Systematic review of the prevalence of Long COVID
Long COVID occurs in those infected with severe acute respiratory syndrome coronavirus 2 (SARS-CoV-2) whose symptoms persist or develop beyond the acute phase. We conducted a systematic review to determine the prevalence of persistent symptoms, functional disability, or pathological changes in adults or children at least 12 weeks postinfection.
We searched key registers and databases from January 1, 2020 to November 2, 2021, limited to publications in English and studies with at least 100 participants. Studies in which all participants were critically ill were excluded. Long COVID was extracted as prevalence of at least 1 symptom or pathology, or prevalence of the most common symptom or pathology, at 12 weeks or later. Heterogeneity was quantified in absolute terms and as a proportion of total variation and explored across predefined subgroups (PROSPERO ID CRD42020218351).
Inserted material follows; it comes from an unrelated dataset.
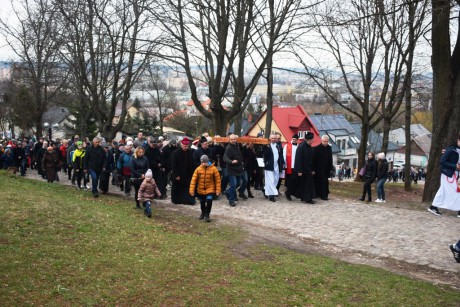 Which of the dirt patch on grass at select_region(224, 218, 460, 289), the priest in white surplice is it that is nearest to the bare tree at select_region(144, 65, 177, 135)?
the priest in white surplice

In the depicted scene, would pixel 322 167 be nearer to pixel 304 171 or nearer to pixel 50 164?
pixel 304 171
One hundred twenty studies in 130 publications were included. Length of follow-up varied between 12 weeks and 12 months. Few studies had low risk of bias. All complete and subgroup analyses except 1 had I2 ≥90%, with prevalence of persistent symptoms range of 0%–93% (pooled estimate [PE], 42.1%; 95% prediction interval [PI], 6.8% to 87.9%). Studies using routine healthcare records tended to report lower prevalence (PE, 13.6%; PI, 1.2% to 68%) of persistent symptoms/pathology than self-report (PE, 43.9%; PI, 8.2% to 87.2%). However, studies systematically investigating pathology in all participants at follow up tended to report the highest estimates of all 3 (PE, 51.7%; PI, 12.3% to 89.1%). Studies of hospitalized cases had generally higher estimates than community-based studies.
The way in which Long COVID is defined and measured affects prevalence estimation. Given the widespread nature of SARS-CoV-2 infection globally, the burden of chronic illness is likely to be substantial even using the most conservative estimates.